Crucibles of leadership are where you find them—or they find you. And business schools rarely create them, at least according to the respondents to the October column.
Perry Miles put it most succinctly when he said, "A business school cannot and should not be designed as a crucible. Crucibles—by design—are boot camps of a sort, where the heat and pressure make or break the participant." Lim Yung Hui commented, "Business schools can only create a context that is fertile for the emergence of leadership." And according to Charlie Cullinane, "It would be very difficult for a school to create the equivalent of a tough childhood, a religious revelation, or a life and death experience."
Setting aside the issue, Shaun Greene even questioned the importance of crucibles of leadership, raising the age-old question of nature versus nurture. As he observed, "The 'crucible' can help someone become better or more effective but the truly great were naturals."
Steffen Nevermann stated the case for the affirmative, but cautioned, "To create crucibles from which leaders may emerge, schools must put their students in a learning mode that challenges them to accept responsibility for their own education and gives them first-hand appreciation of the application of knowledge and skills to practice." Nevertheless, Kathryn Aiken points out that "... studying other crucibles is no substitute for experiencing your own." And in that regard, Aiken feels that women often face a different challenge than men because they are too often "put into staff positions rather than line management jobs in order to 'protect their success,'" which, she adds, " actually hinders the movement of women and prevents the exposure to crucibles of leadership."

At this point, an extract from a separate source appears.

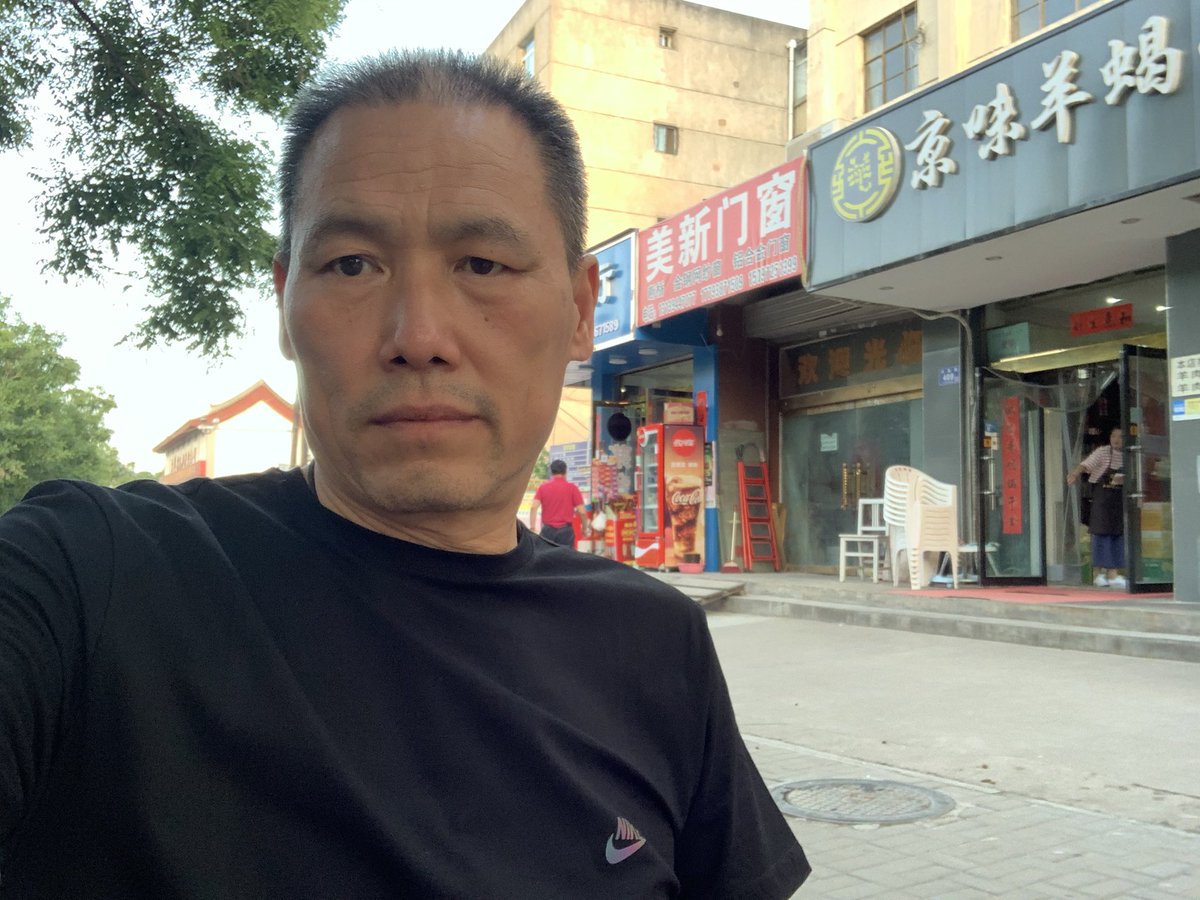 puzhiqiang's tweet photo. 此时此刻，天水街头，伏羲城。 https://t.co/U8eq5ucen1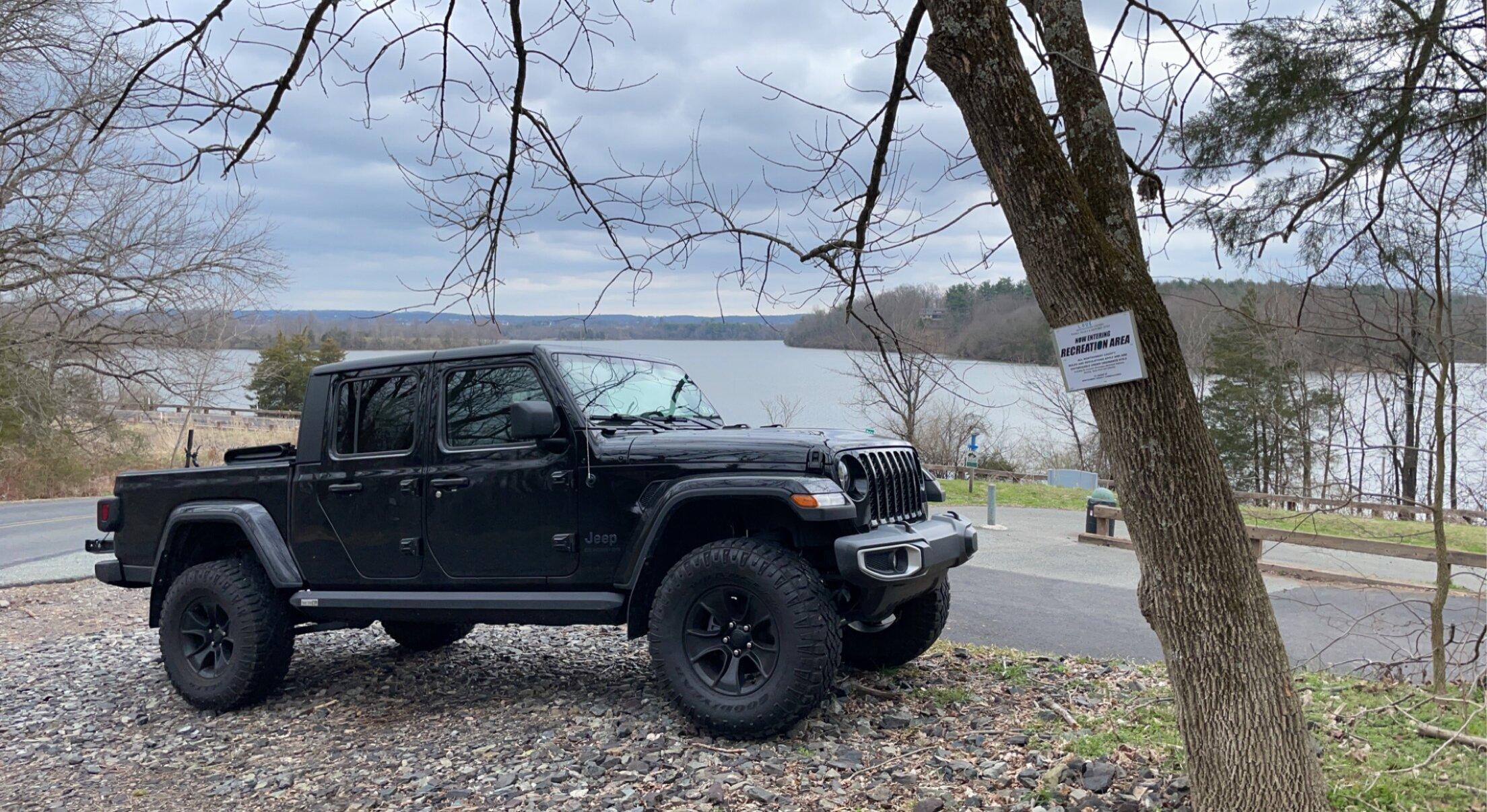 Jeep Gladiator BLACK Gladiator JT Club 3AB933E5-320D-4791-B3BB-B190883112AB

If the majority prevails and one accepts the validity of research on the subject, it leaves us with the question of just what business schools can contribute to the leadership development process. Is it limited, as Miles (a retired Marine) suggests, to "teach[ing] and model[ing] ethical leadership?" Or can it also include the study of management practices that help create crucibles of leadership for others as well as dilemmas that enable one to "practice" for the day that such a crucible may actually come along? What do you think?
The new book Geeks and Geezers by Warren Bennis and Robert Thomas, argues that all the leaders they studied, whether "geeks" (under thirty) or "geezers" (over seventy), have the ability to engage others in shared meaning; a distinctive and compelling voice; a sense of integrity; and "neoteny," a trait that makes them "addicted to life" and able to recruit protectors, nurturers, and believers through a long and productive leadership career.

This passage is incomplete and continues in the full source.